Aim of the exercise
First find the line with "Suasana Stasiun Blitar", then reproduce it and all following lines of the data to the end, exactly and with no pictures, adding nothing.

Data below
==========

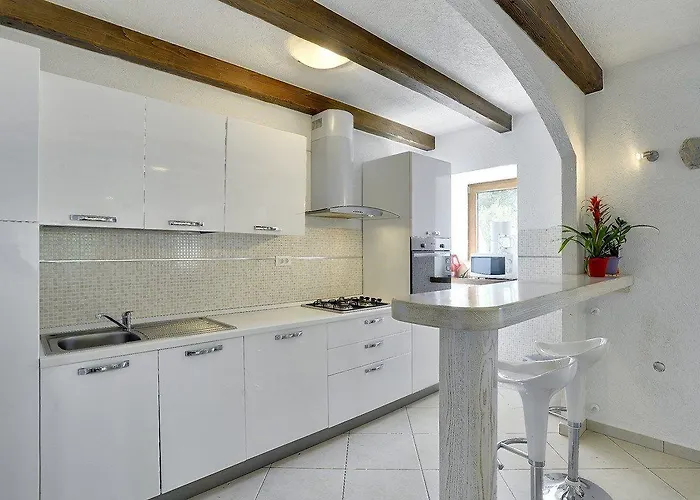 Bella Villa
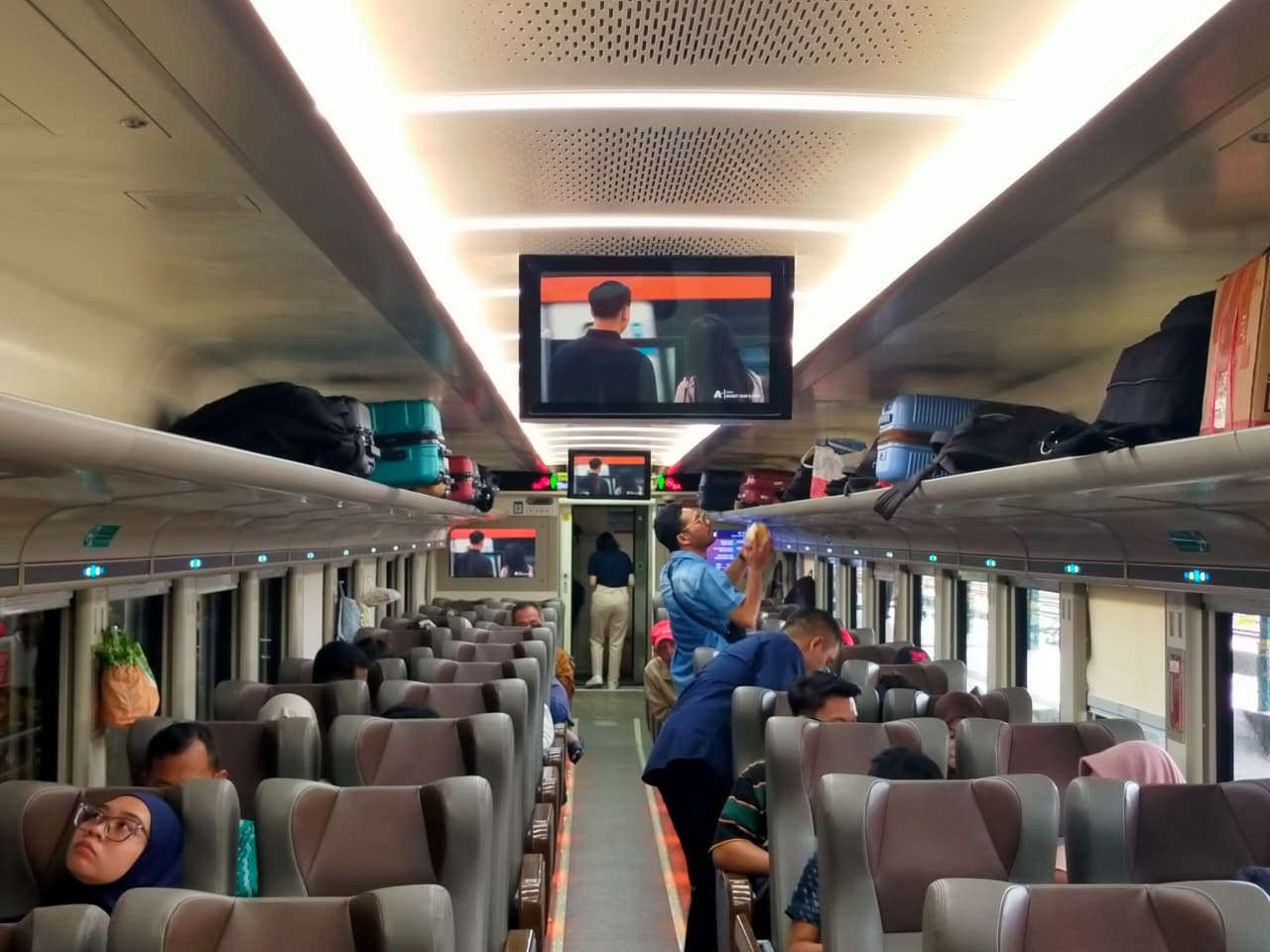Suasana Stasiun Blitar dan gerbong KA yang berhenti di Stasiun Blitar. (aziz/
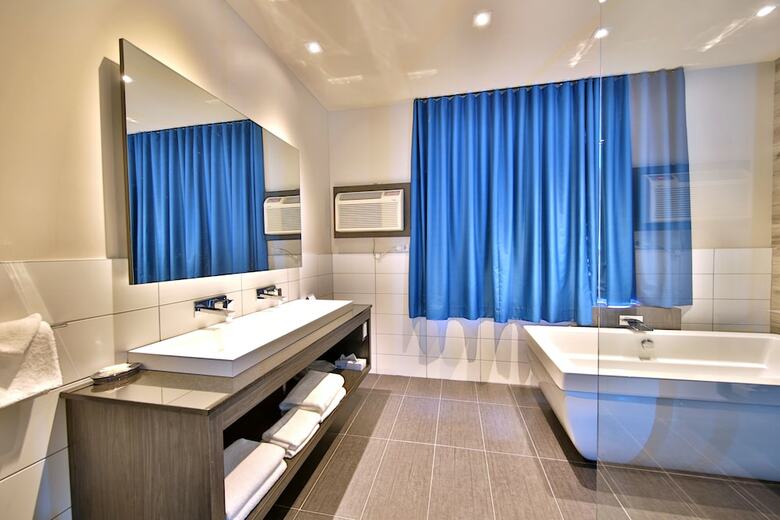 Hotel H�tel � Suites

==========

Output of the task
Suasana Stasiun Blitar dan gerbong KA yang berhenti di Stasiun Blitar. (aziz/
 Hotel H�tel � Suites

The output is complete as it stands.